Re: File and Folder Filters Sometimes Do Not Work

Post by Administrator »

Sorry, i cant reproduce this problem.

My settings:

Source folder: D:\AllDup\TEST2\
Folder Filter: "D:\AllDup\TEST2\[foobar]" or "[foobar]"

AllDup doesnt search inside the subfolder "[foobar]" if the folder filter is activated...
Synetech
Posts: 48
Joined: 19 Jan 2011, 09:32
Contact:

Post by Synetech »

:? Then maybe it’s something else, or something more complex like a combination of factors.

I’ll try to do some more experiments to figure it out.
Administrator
Site Admin
Posts: 4047
Joined: 04 Oct 2004, 18:38
Location: Thailand
Contact:

Post by Administrator »

Synetech wrote:It had one when I first made the post, but it seems to have been stripped when I tried to use the Preview function.....
I cant reproduce the problem with the title:

Ive entered a title and used the preview function.
Title ok.
I added quotes to the title at the preview function and send the message.
Title ok.

Can you help me to reproduce this problem?
Synetech
Posts: 48
Joined: 19 Jan 2011, 09:32
Contact:

Re: File and Folder Filters Sometimes Do Not Work

Post by Synetech »

I did some tests and got a couple of important results:
  • If the file or folder contains a “#” in the name, then adding that to the filter will not work. The function that processes the filters has a problem with the “#” character
  • If you use a wildcard (e.g., “*”) in a filter, it could crash AllDup if there are certain special (non-alphanumeric) characters around it
You can reproduce it as follows:
  • Create a folder (e.g., C:\AllDupTest)
  • Create a couple of sub-directories (e.g., C:\AllDupTest\B, C:\AllDupTest\C)
  • Copy a file to both of the sub-directories
  • Run AllDup on the parent (C:\AllDupTest)
  • When it shows the results, add one folder (e.g., C) to the folder filter
  • Run the scan again; it should find no duplicates. Good
  • Rename the folder to have “#” in it (e.g., C#)
  • Run the scan again; it should find the duplicates again. Good
  • Add the renamed folder (C#) to the folder filter
  • Run the scan again; it should not find the duplicates but it does. Bad
You can do the same thing happens with the file filter; add a file filter like foobar#.txt and it will not work.
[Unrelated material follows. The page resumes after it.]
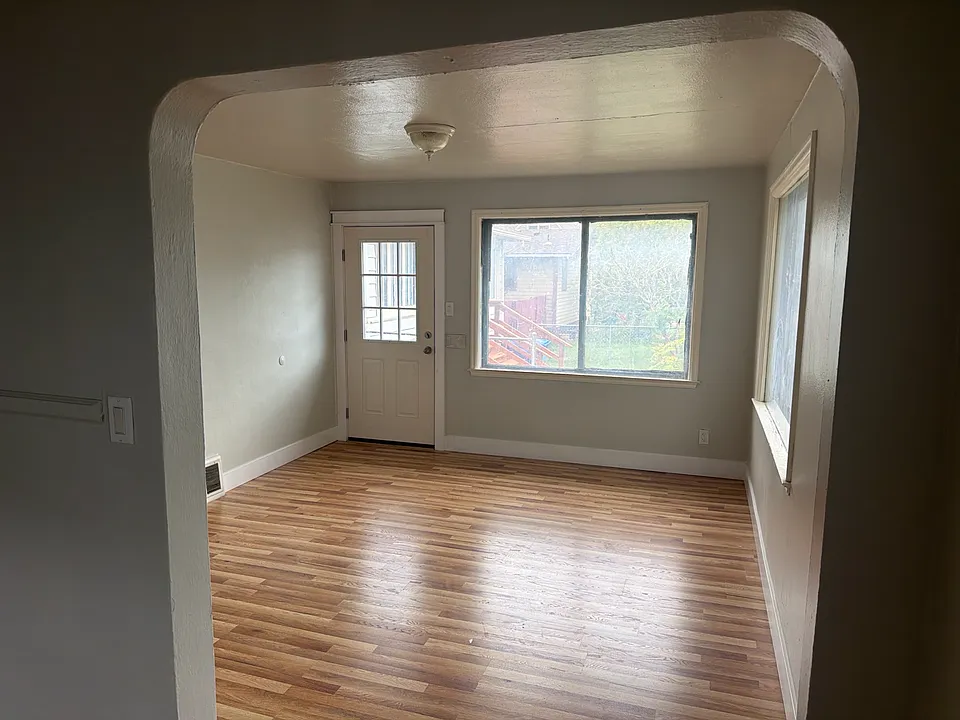 1248 N Garfield Ave #1248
Also, you can make AllDup crash. To make sure that only “#” was a problem, I renamed C to “C`~!@$%^&()_+}{`-=][';.,”. I tried putting a “*” in the filter to test if wildcards work, but AllDup crashed whenever I tried to run it until I removed or disabled that filter.
Administrator
Site Admin
Posts: 4047
Joined: 04 Oct 2004, 18:38
Location: Thailand
Contact:

Re: File and Folder Filters Sometimes Do Not Work

Post by Administrator »

Activate the filter option "Ignore wildcards in filter text (treat like normal text)" if you use wildcards (*, # and ?) at the filter text. See help file.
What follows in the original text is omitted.